La version CD permet de lier les deux faces et de n’avoir ainsi aucun blanc entre les morceaux du début jusqu’à la fin de l’album. Mais l’édition 1987 est également parue en vinyle. En 2007, une édition Deluxe a regroupé la version originale de 1976 et la version remixée de 1987. L’édition CD « standard » est celle de 1987, et souvent celle par laquelle le public découvre l’album, comme ça a été mon cas en 1995 (merci Jérôme).

En plus de la narration de Welles, ce nouveau mixage apporte quelques nouvelles parties instrumentales, notamment de synthétiseurs ou de guitares, un des passages les plus notables étant le solo joué par Ian Bairnson sur The Raven.
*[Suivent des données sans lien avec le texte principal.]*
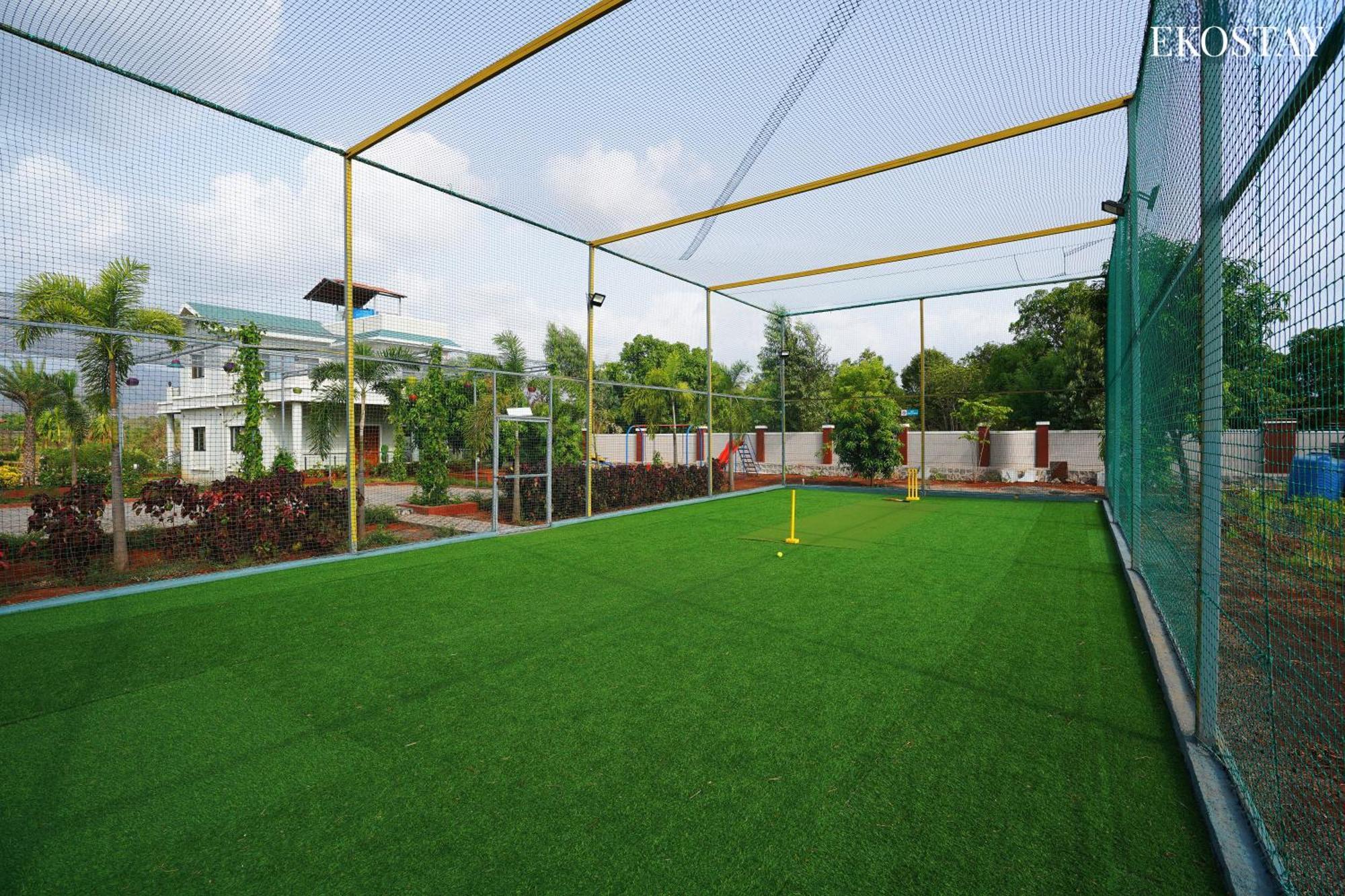 Ekostay Gold Palm Estate I Cricket Turf I Rain Dance I 2 Acre Property 카르자트 외부 사진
Les autres différences concernent la reverb ou la façon dont les instruments sont répartis sur l’espace stereo. Les deux vidéos ci-dessous listent ces différences en comparant les deux versions :

Depuis que je l’ai découvert ainsi, je ne peux plus écouter cet album autrement. Pour moi, il doit y avoir cette voix d’Orson Welles qui semble sortir d’outre-tombe et qui colle si bien à l’univers d’Allan Poe. Il doit y avoir ce solo de guitare sur The Raven et qui lui donne une dimension encore plus dramatique. Il doit y avoir ces sons imposants de synthétiseurs, et ce mixage so eighties avec une reverb exagérée.

Sentiment subjectif bien sûr, et qui serait peut-être différent si j’avais découvert la version de 76 en premier. Mais je pense tout de même que Tales of mystery and imagination est un bon exemple d’une œuvre musicale qui a gagné à avoir été retravaillée et être ressortie dans une version « augmentée ». C’était il y a 35 ans ce mois-ci.